Exercise limitations in chronic obstructive pulmonary disease
Chronic obstructive pulmonary disease is a highly prevalent condition characterized by airflow obstruction that reduces the ability to sufficiently empty the lungs. In the following two steps we look at exercise intolerance in this clinical cohort, talk about the benefits of exercise, and present exercise guidelines.
Exercise intolerance in chronic obstructive pulmonary disease
Exercise intolerance is a troublesome manifestation of chronic obstructive pulmonary disease (COPD). People with COPD are prematurely limited during maximal exercise as a result of the uncomfortable sensation of exercise. They can show:
- Reduced responses of peak oxygen uptake (VO2)
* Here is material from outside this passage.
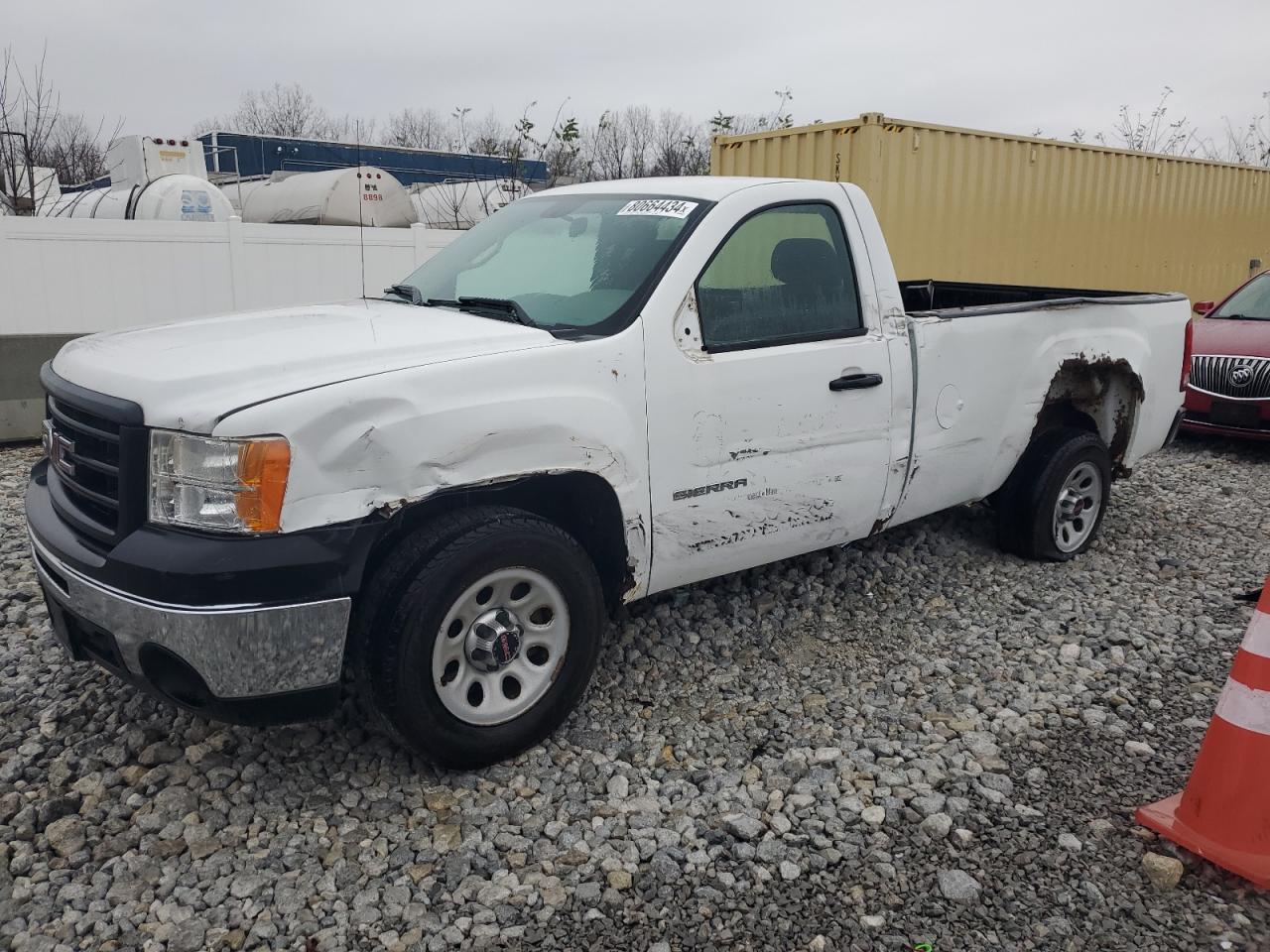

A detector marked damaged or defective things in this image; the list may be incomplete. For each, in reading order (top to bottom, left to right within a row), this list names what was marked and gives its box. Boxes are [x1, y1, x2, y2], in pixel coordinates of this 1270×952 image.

damaged front door [645, 197, 894, 594]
- Reduced peak minute ventilation (ie total volume of air entering the lungs per minute) and heart rate
- Slower rate of increase in oxygen uptake (VO2 kinetics) during submaximal exercise
- Increased anaerobiosis (muscle hypoxia or lack of oxygen), demonstrating a lactate threshold at relatively low work rates 
Exercise intolerance is closely linked to impairment/disability and is a stronger predictor of poor quality of life and survival than either lung function (measured by spirometry) or levels of blood oxygen.
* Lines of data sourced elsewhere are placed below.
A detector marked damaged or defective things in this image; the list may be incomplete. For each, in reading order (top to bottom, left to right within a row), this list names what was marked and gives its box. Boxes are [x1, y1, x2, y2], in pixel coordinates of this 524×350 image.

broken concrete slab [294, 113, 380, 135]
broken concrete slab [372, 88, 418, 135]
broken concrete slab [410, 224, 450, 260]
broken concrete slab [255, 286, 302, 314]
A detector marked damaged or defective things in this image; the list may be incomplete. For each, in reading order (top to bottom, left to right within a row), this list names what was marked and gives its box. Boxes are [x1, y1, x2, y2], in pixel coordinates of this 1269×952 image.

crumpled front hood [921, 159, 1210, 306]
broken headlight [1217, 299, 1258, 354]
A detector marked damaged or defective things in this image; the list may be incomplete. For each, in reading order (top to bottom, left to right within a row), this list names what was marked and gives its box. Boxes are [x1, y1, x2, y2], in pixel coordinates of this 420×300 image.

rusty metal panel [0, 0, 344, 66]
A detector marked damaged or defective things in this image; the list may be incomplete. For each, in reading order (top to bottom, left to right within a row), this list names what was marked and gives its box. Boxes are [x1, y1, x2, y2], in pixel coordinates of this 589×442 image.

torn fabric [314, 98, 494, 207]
Exercise intolerance in people with COPD results from a complex interaction between:
- Symptoms of dyspnea (shortness of air) and leg fatigue
- Ventilatory and respiratory mechanics impairment
- Pulmonary gas exchange limitations leading to arterial hypoxemia (low levels of oxygen in the blood)
- Peripheral muscle dysfunction
We will now look at the key concepts associated with exercise intolerance in COPD; dynamic hyperinflation of the lungs and peripheral muscle dysfunction.
Dynamic hyperinflation of the lungs
- For individuals with normal lung function, the end-expiratory lung volume decreases by approximately 200 to 400 ml with moderate exercise.
- In contrast, in patients with COPD, expiratory flow is limited at rest, and when breathing frequency is increased during exercise they have less time to breathe out. So, air is accumulated in the lungs increasing end-expiratory lung volume and reducing inspiratory capacity. This is called dynamic hyperinflation of the lungs (Pepin et al, 2007).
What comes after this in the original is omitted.